As of this writing, Ghana ranks as the 27th most polluted country in the world, facing significant challenges due to air pollution. Recognizing the crucial role of air quality monitoring, many African countries, including Ghana, are adopting low-cost air quality sensors.
The Sensor Evaluation and Training Centre for West Africa (Afri-SET), aims to use technology to address these challenges. Afri-SET engages with air quality sensor manufacturers, providing crucial evaluations tailored to the African context. Through evaluations of sensors and informed decision-making support, Afri-SET empowers governments and civil society for effective air quality management.
On December 6th-8th 2023, the non-profit organization, Tech to the Rescue, in collaboration with AWS, organized the world’s largest Air Quality Hackathon – aimed at tackling one of the world’s most pressing health and environmental challenges, air pollution. More than 170 tech teams used the latest cloud, machine learning and artificial intelligence technologies to build 33 solutions. The solution addressed in this blog solves Afri-SET’s challenge and was ranked as the top 3 winning solutions.
This post presents a solution that uses a generative artificial intelligence (AI) to standardize air quality data from low-cost sensors in Africa, specifically addressing the air quality data integration problem of low-cost sensors. The solution harnesses the capabilities of generative AI, specifically Large Language Models (LLMs), to address the challenges posed by diverse sensor data and automatically generate Python functions based on various data formats. The fundamental objective is to build a manufacturer-agnostic database, leveraging generative AI’s ability to standardize sensor outputs, synchronize data, and facilitate precise corrections.
Current challenges
Afri-SET currently merges data from numerous sources, employing a bespoke approach for each of the sensor manufacturers. This manual synchronization process, hindered by disparate data formats, is resource-intensive, limiting the potential for widespread data orchestration. The platform, although functional, deals with CSV and JSON files containing hundreds of thousands of rows from various manufacturers, demanding substantial effort for data ingestion.

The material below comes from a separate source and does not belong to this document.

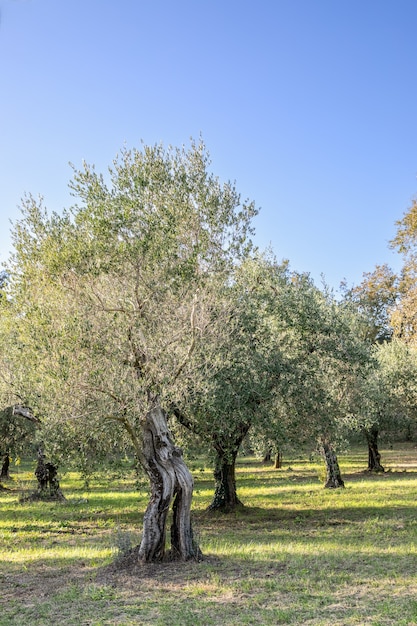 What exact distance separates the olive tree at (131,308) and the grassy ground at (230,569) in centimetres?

The objective is to automate data integration from various sensor manufacturers for Accra, Ghana, paving the way for scalability across West Africa. Despite the challenges, Afri-SET, with limited resources, envisions a comprehensive data management solution for stakeholders seeking sensor hosting on their platform, aiming to deliver accurate data from low-cost sensors. The attempt is disadvantaged by the current focus on data cleaning, diverting valuable skills away from building ML models for sensor calibration. Additionally, they aim to report corrected data from low-cost sensors, which requires information beyond specific pollutants.

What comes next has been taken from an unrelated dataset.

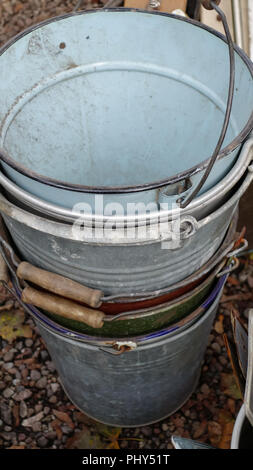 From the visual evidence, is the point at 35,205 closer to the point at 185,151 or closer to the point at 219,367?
the point at 185,151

The solution had the following requirements:
- Cloud hosting – The solution must reside on the cloud, ensuring scalability and accessibility.
- Automated data ingestion – An automated system is essential for recognizing and synchronizing new (unseen), diverse data formats with minimal human intervention.
- Format flexibility – The solution should accommodate both CSV and JSON inputs and be flexible on the formatting (any reasonable column names, units of measure, any nested structure, or malformed CSV such as missing columns or extra columns)
- Golden copy preservation – Retaining an untouched copy of the data is imperative for reference and validation purposes.
- Cost-effective – The solution should only invoke LLM to generate reusable code on an as-needed basis instead of manipulating the data directly to be as cost-effective as possible.
The goal was to build a one-click solution that takes different data structure and formats (CSV and JSON) and automatically converts them to be integrated into a database with unified headers, as shown in the following figure. This allows for data to be aggregated for further manufacturer-agnostic analysis.
Overview of solution
The proposed solution uses Anthropic’s Claude 2.1 foundation model through Amazon Bedrock to generate Python codes, which converts input data into a unified data format. LLMs excel at writing code and reasoning over text, but tend to not perform as well when interacting directly with time-series data. In this solution, we leverage the reasoning and coding abilities of LLMs for creating reusable Extract, Transform, Load (ETL), which transforms sensor data files that do not conform to a universal standard to be stored together for downstream calibration and analysis. Additionally, we take advantage of the reasoning capabilities of LLMs to understand what the labels mean in the context of air quality sensor, such as particulate matter (PM), relative humidity, temperature, etc.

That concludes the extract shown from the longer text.